Supplied information
== == ==
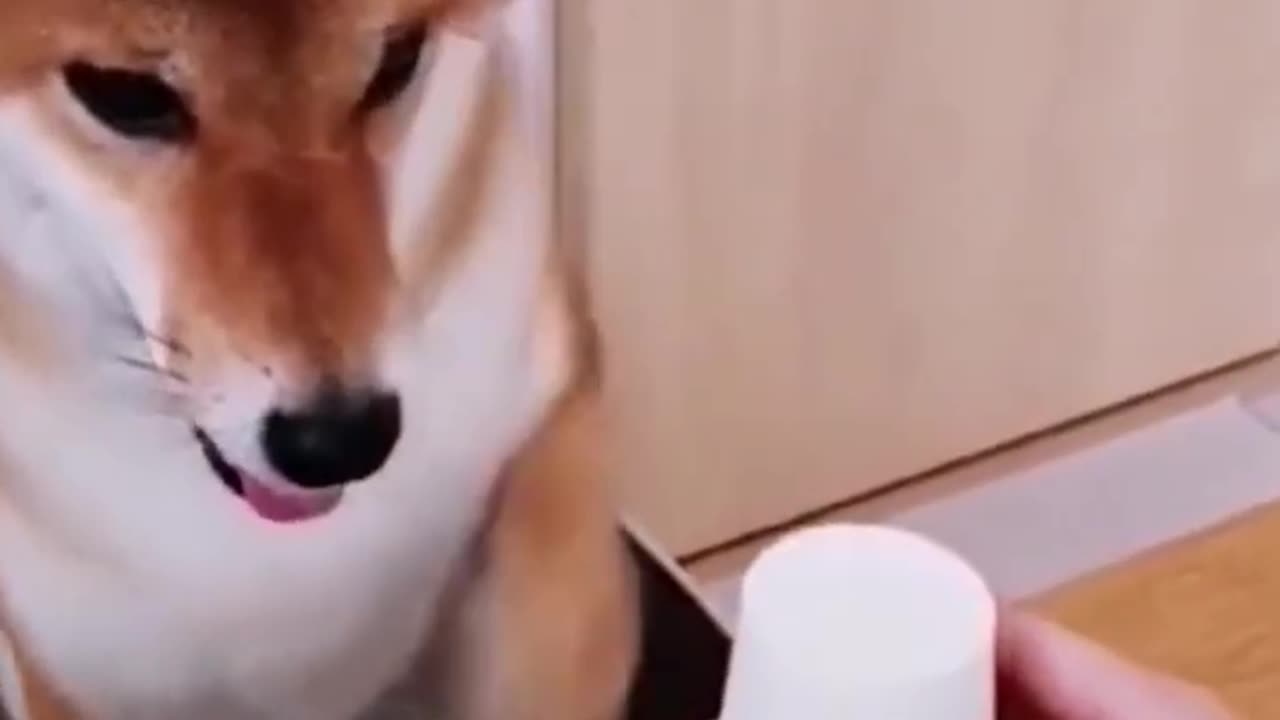make name and description variations for this video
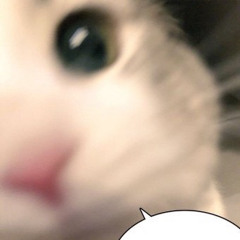 렌 LOCO (9/00 pm)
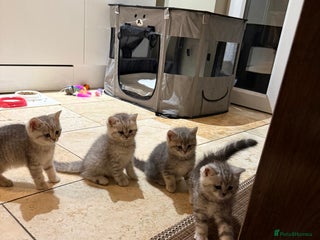 British Shorthair cats - Advert 7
== == ==
Exercise objective
If the data includes images, skip them and copy every line exactly.

Task solution
make name and description variations for this video
 렌 LOCO (9/00 pm)
 British Shorthair cats - Advert 7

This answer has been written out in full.